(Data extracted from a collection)
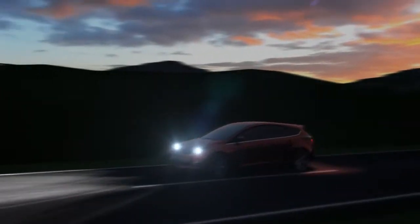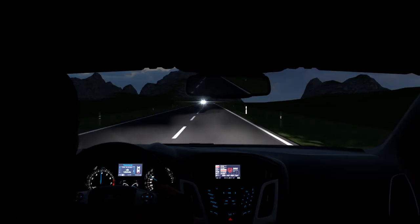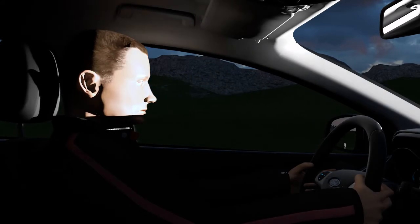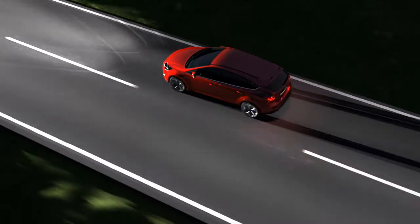Almost every driver will have had this experience while driving at night: a vehicle is coming towards you with high beam on, and you are so blinded you can't see anything — flying blind for several seconds.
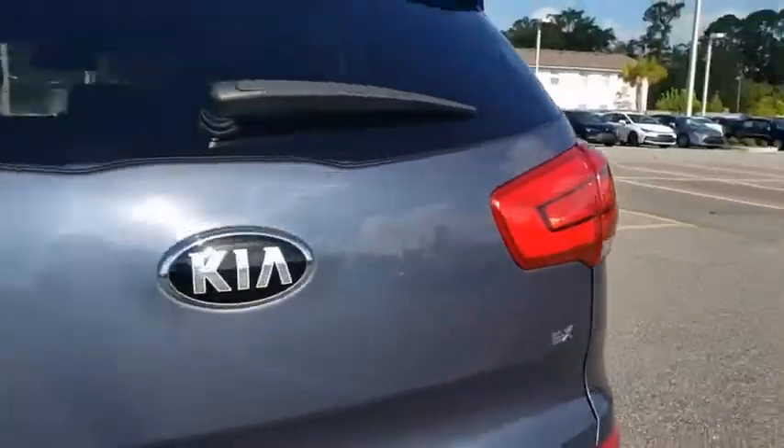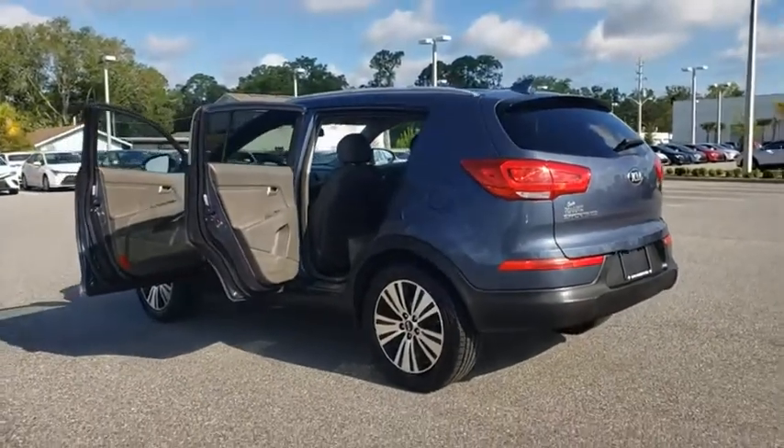This vehicle has less than 65,000 miles. Here are some of this vehicle's great options.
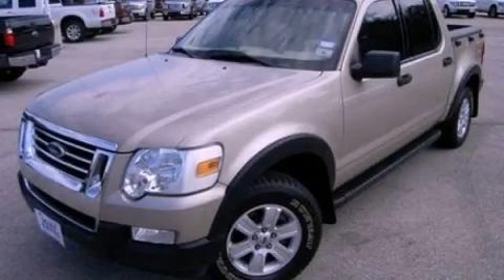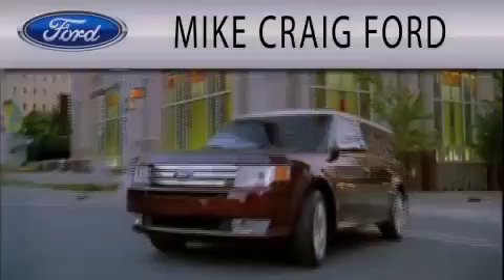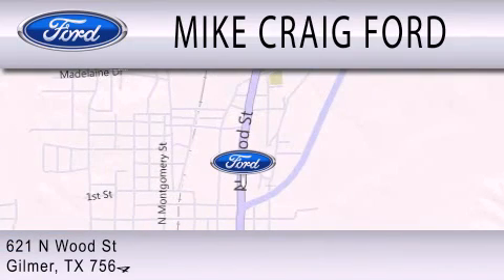Contact us today and schedule your opportunity to see this vehicle in person. Mike Craig Ford is dedicated to doing everything possible to ensure that the experience you have selecting your next vehicle is as pleasant as possible. We are located at 621 North Wood Street in Gilmer.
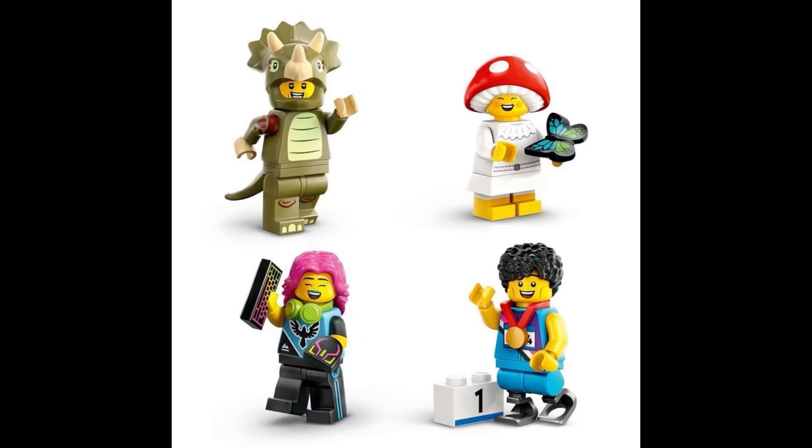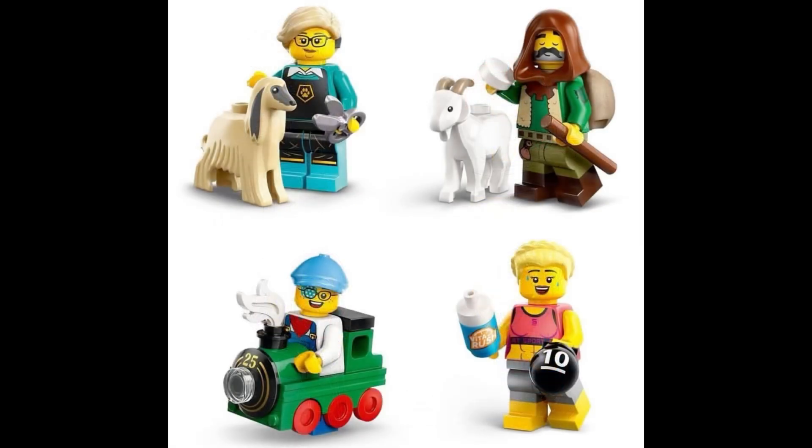The mascot minifigure of the series, the dinosaur costume, I really do like that one — that's pretty neat. I also like the mushroom kid with the butterfly, that's pretty dope as well. And the guy with the dog and the goat — I also have to say I've really been enjoying that they've been including more animals in these series, that's a pretty fun thing to include.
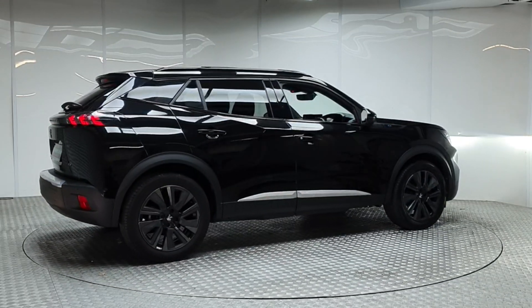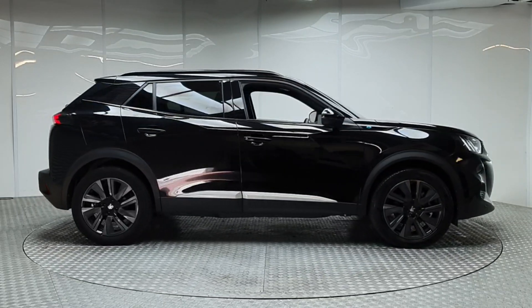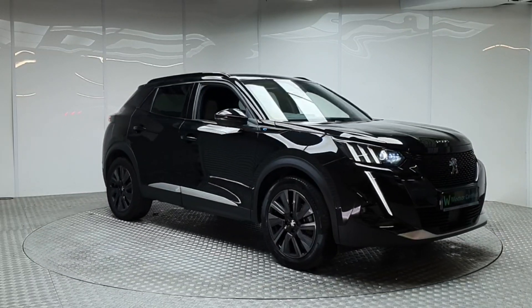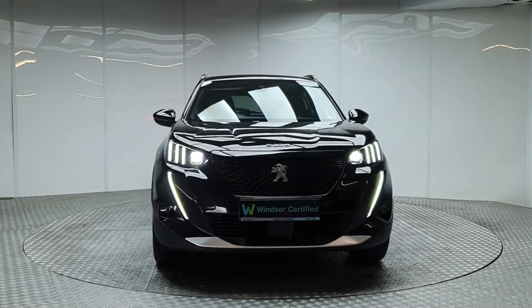And with a thorough history check on all of our vehicles, you won't have to worry about any hidden surprises. Each Windsor Certified vehicle undergoes a rigorous 149-point car health check and receives a full service at the same time, which means you get a vehicle in tip-top shape.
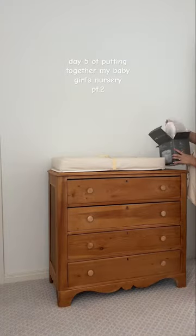I'm teary. Setting up the changing table with the wipe warmer, the pad, and the trash can made me feel so ready.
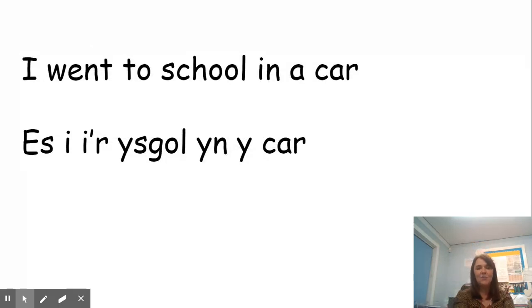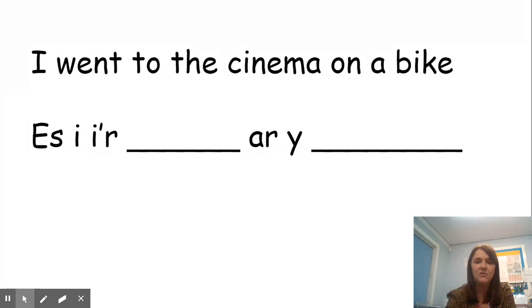So our job today is to write sentences about their guy in Welsh and Cymraeg. So instead of saying 'I went to school in a car,' we're going to write 'es i'r ysgol yn y car.' Now on the sheet that you've got, it has got for you a collection of different transport words and different places you can go, but we've just got to follow the same structure.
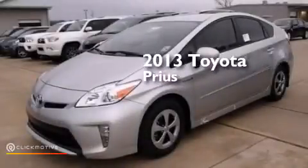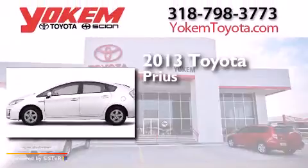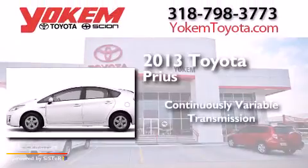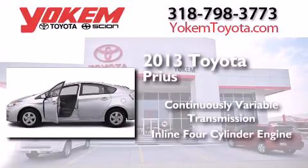This is a brand new 2013 Toyota Prius. This four-door sedan has a continuously variable transmission and an inline four-cylinder engine.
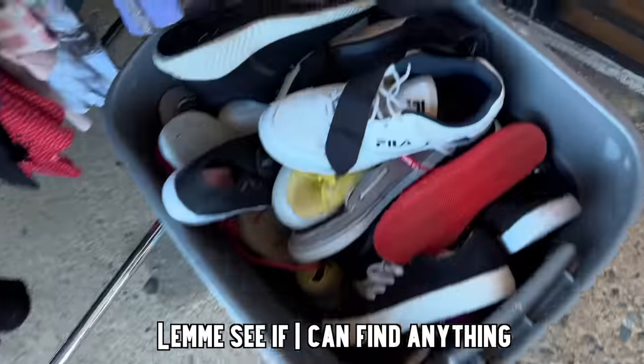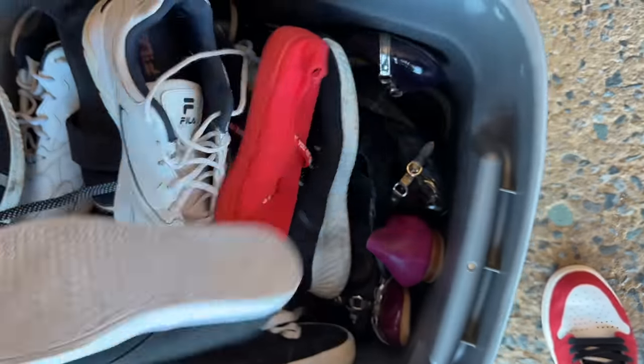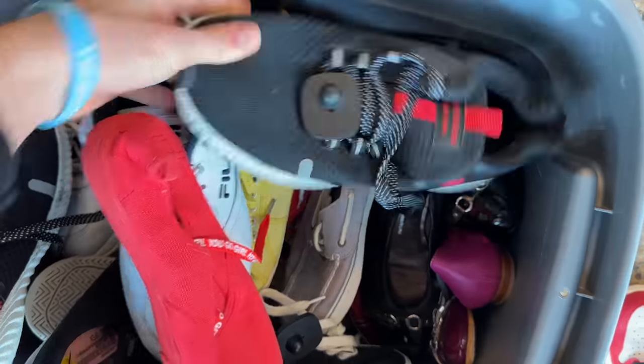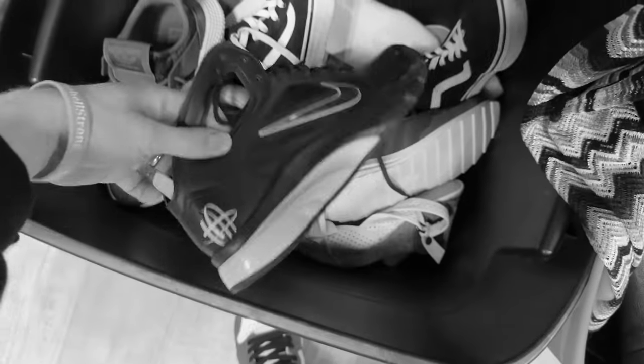Right as I was leaving, I noticed some bins with shoes outside. If they're outside, they're probably not too worried about these - and yeah, nothing. That stinks. So nothing at Plato's - on to Goodwill.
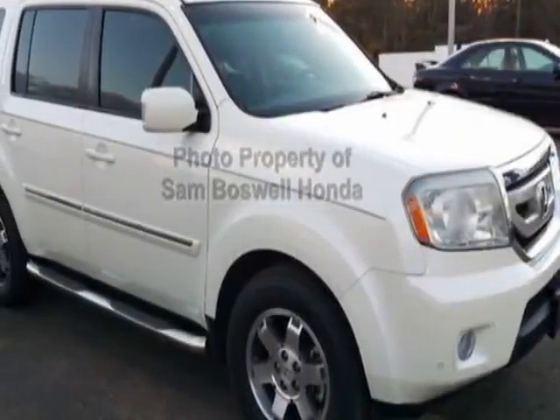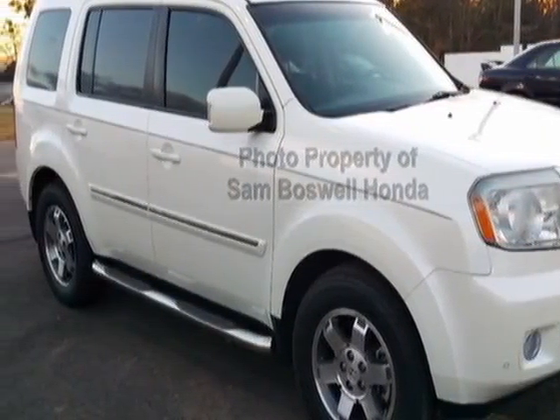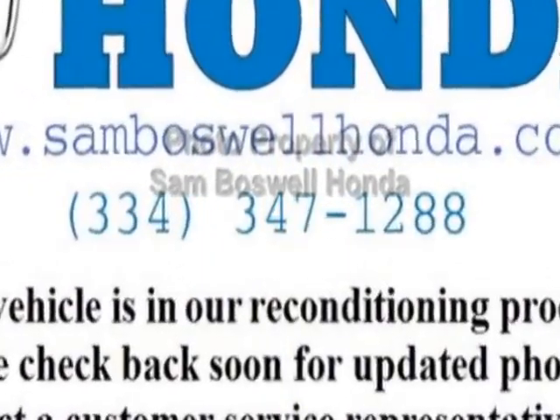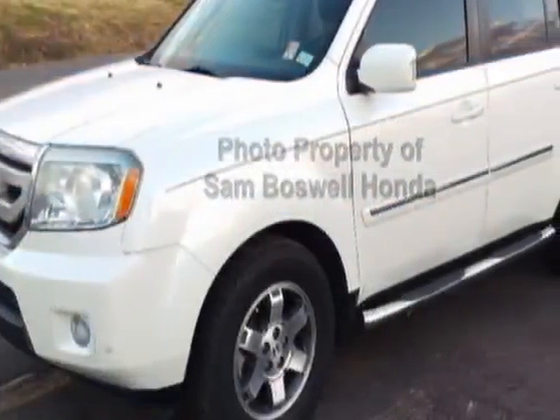Come take a look at this 2011 Honda Pilot. This Pilot has just under 115,500 miles. This vehicle has a limited warranty.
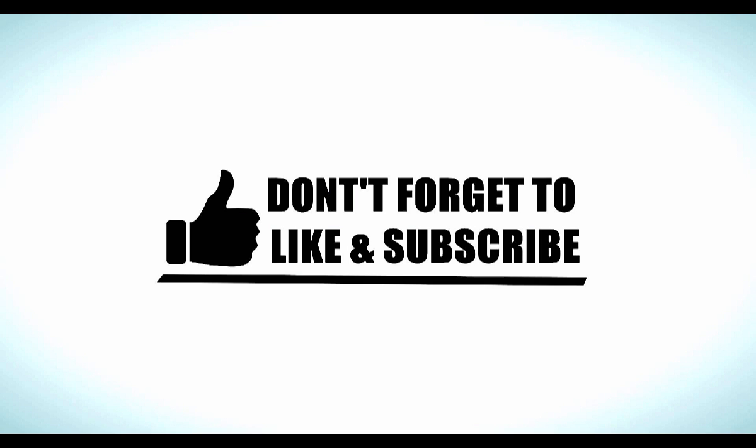Thanks a lot for watching. I hope this video helped. If it did, hit the thumbs up button and the subscribe button if you haven't subscribed yet. Have a great day.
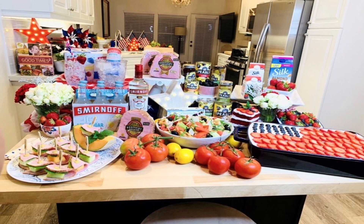My go-to is the Smirnoff Seltzer Red White and Berry — it's perfect for July 4th, ready to drink straight from the cooler. Cherry, citrus, and blue raspberry flavors, with zero sugar and only 90 calories. Part of the trend is the innovation — the can actually changes color when you chill it, which is just so fun. It comes in a case and it's in a can.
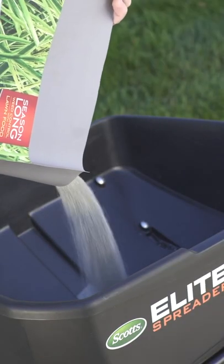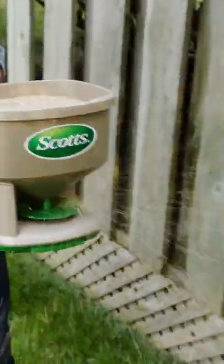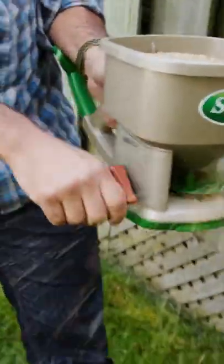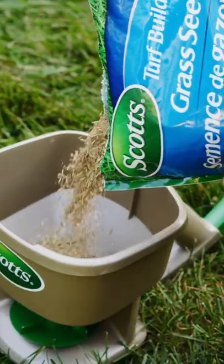Owning a fertilizer spreader will help you simplify your lawn treatments. It will help you quickly and evenly apply seed, fertilizer, and lawn pest control products. So to help you find the right one, we have reviewed the top 5 best fertilizer spreaders in 2022.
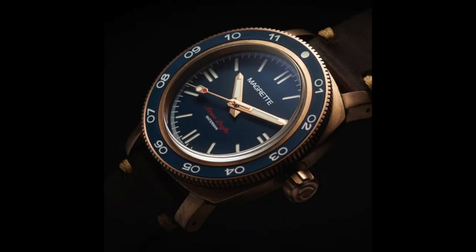That's what sparked the idea for my top five bronze watches. We're going to go from least expensive to most expensive, starting at $700 and not going over $6,000. So let's get into it.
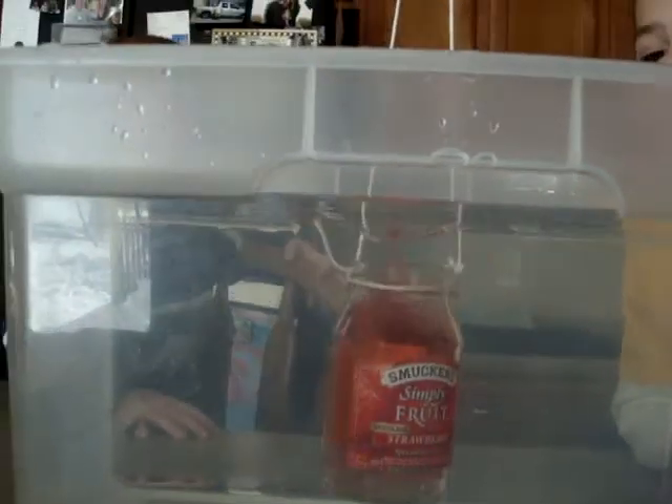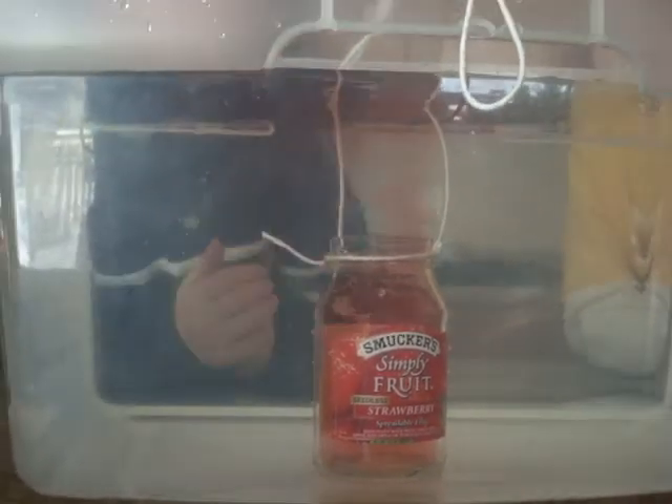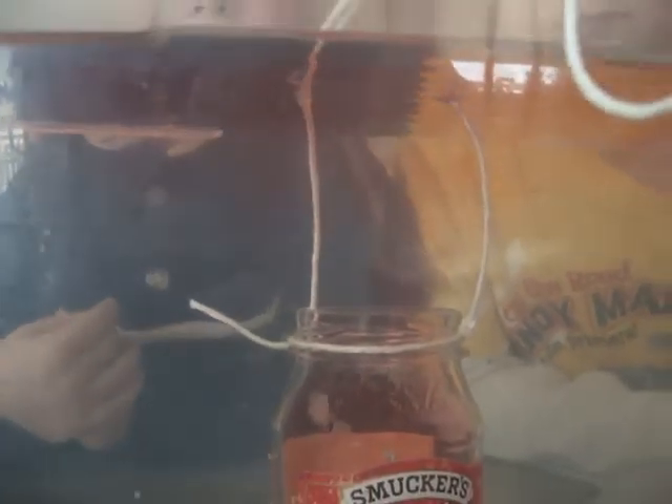As I lower this in, we're going to watch where the red water goes — is it going down or up? Oh yeah, I can see it going straight to the top. All the red is staying at the top.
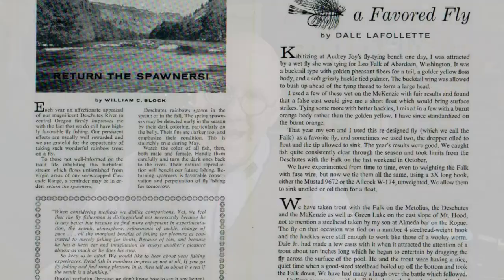The fly did really well for LaFollette and became a family favorite. He actually wrote an article about it in a 1962 edition of The Creel, which was the journal for the Fly Fishers Club of Oregon. That may be where Randall Scott Stetzer learned of the pattern, because he included it in his book, Flies the Best 1000. I read that this was actually the first fly he picked for that book.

What the task asks
Keep to the lines above from the line with "This is a brand" to the line with "Thanks a lot", and set down exactly those, inclusive, with nothing else and every picture left out.

Exercise answer
This is a brand new 2013 Toyota Prius. This four-door sedan has a continuously variable transmission and an inline four-cylinder engine.
Right as I was leaving, I noticed some bins with shoes outside. If they're outside, they're probably not too worried about these - and yeah, nothing. That stinks. So nothing at Plato's - on to Goodwill.
Come take a look at this 2011 Honda Pilot. This Pilot has just under 115,500 miles. This vehicle has a limited warranty.
Thanks a lot for watching. I hope this video helped. If it did, hit the thumbs up button and the subscribe button if you haven't subscribed yet. Have a great day.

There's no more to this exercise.